I had grown up around film clubs and film festivals. In the cinema city down south, once called Madras, where I lived, schools have film bonanzas where young adults can watch three to four films over a day termed cinema day. In the university where I studied and then taught, there were film screenings and film festivals in an auditorium where film-hungry students watched all of Pedro Almodovar’s films from expensive DVD sets acquired from a parent’s Bangkok trip. The colourful photoshop poster we put up outside screening rooms said ‘film festival’, but we did not know at the time that film festivals could actually offer the privilege of listening to Almodovar after a screening of a hot favourite, All About My Mother. Film festivals were events that were rare and hearing a film director was a privilege, certainly not easily accessible for regular college-going, class-attending students.
When I was in Delhi as a student in the late nineties, the international film festival was housed there for only a few years. But by the time I was a masters student slowly venturing into film studies, the city’s only film festival, the International Film Festival of India (IFFI), moved to Goa. But then there was the Osian’s Cinefan Film Festival of Indian, Asian and Arab Cinema, one that got bigger just as my interest in cinema grew. The Osian Cinefan Film Festival introduced Delhi to cinema from Asia and it also changed our mindset that cinema and the serious discourse around it was essentially around European cinema. And it opened up the world for me and other students like me. Osian also introduced us to Wong Kar Wai and I felt at home in an alien city that seemed to be mine in a way I could not understand.
As I watched stories involving people caught in an urban world, it reflected our own experience of living in a modern fast-changing Indian city. Where unlike the older familiar structures, living was lonely and yet completely desirable in the freedom that the city offered to young people who were finding new identities. The cinema from Asia and the city cinema from Asian cities changed the way cinema was thought and talked about. There was a new language, one that seemed to represent us rather than the city cinema of Europe. And all this realization was brought to some of us thanks to the magic of a film festival.
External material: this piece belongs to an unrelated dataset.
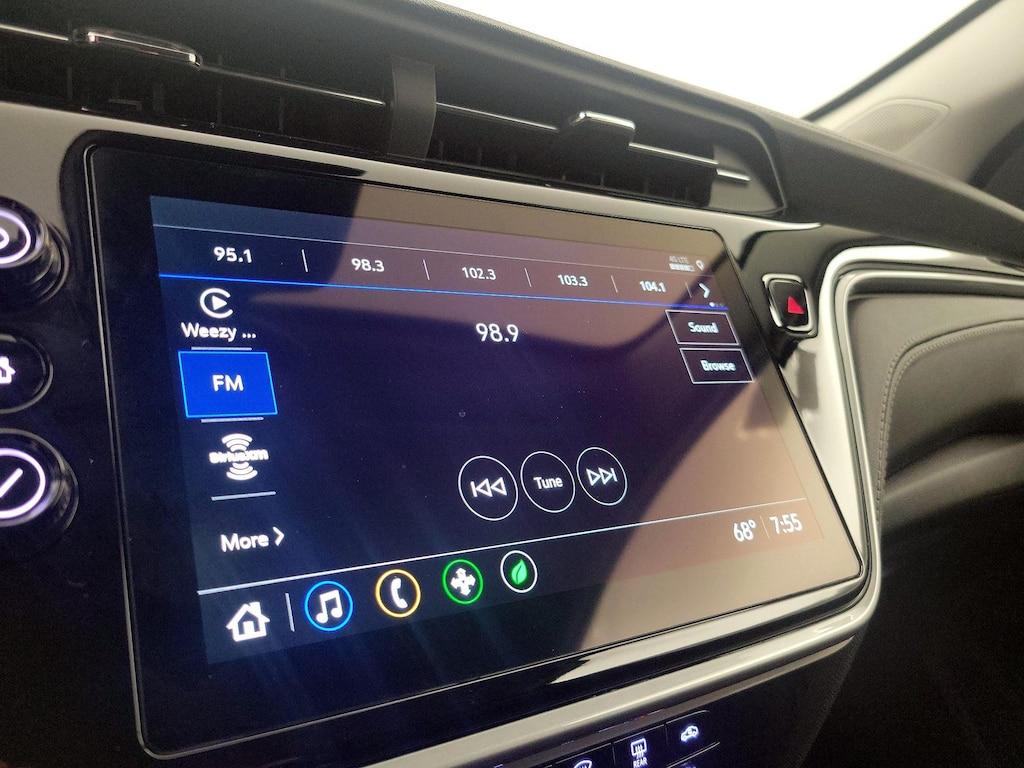 used 2023 Chevrolet Bolt EUV car, priced at $23,998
In the few years of Osian Cinefan Film Festival, there was an intangible community of film-watching people. The ones we met running from one auditorium of Siri Fort to another; we bonded, strangers falling quickly and easily into conversations about the treasure house of Asian cinema that held us captive over ten days. After a short stint, Osian ended and with it the collective viewing of films that made possible unlikely friendships and odd relationships, tied by the characters of the film you had just seen and had to discuss. For years I lamented the lack of a film festival in Delhi, the allure of escaping into another life in another continent for a brief while.
It was only around the week before Diwali of 2017, I rediscovered the film festival experience – this time in Mumbai – where, for that one week you end up living in another world of films that were distinct, each appearing with its own universe. And that is the charm of film festivals to me. They can break the pattern of everyday working lives into days filled with extraordinary stories from people we normally wouldn’t encounter. Film festivals remind us of the big screen as a magic window where everyone is transported into countries, languages and realities different than our immediate one.
Mumbai is a city of work and livelihood, a city that is inescapable if you belong or aspire to work in the entertainment industry. It is a city I visit often and wonder about the stories that pass me by in the small encounters towards the few busy days of work. It is a city one sees and hears on screen, but last year in my first film festival experience of Mumbai, I found something I had never encountered before.
I found leisure and time in the hands of at least a bunch of people kept aside for watching films over a week in their lives. I found a city in the auditoriums and queues, where people did not just talk about their aspiration of being in movies, but the experience of watching them that told other people’s stories.
Writing about a film festival entails slowly uncovering bits of the city in which it lives, in the light of the story that you inhabited in the dark auditorium. In that light, this time Mumbai seems different. Mumbai seemed ready to embrace realities and narratives that was far removed from its everyday. It seemed like it was housing a secret city where people had time and leisure set aside for a week to indulge in cinema viewing. Or most likely Mumbai seemed ready to let it be imagined into a different kind of a city by storytellers like me.
I didn’t know then that I would trace the short history of a film festival that was going to turn twenty soon. But when I looked at the two-decade journey of the film festival, which was steadily building its community of film viewers, the history of the festival dated back to a time when the old city had been renamed. It was not a story about the entertainment industry but it was simply a story built around film lovers and their bid to make leisure to watch cinema from across the world. It was an attempt to remind the city of little time that cinema needed time and love to experience and not just to make. In the history of the beginnings of the present festival was the story to give a new cultural event to the city of cinema.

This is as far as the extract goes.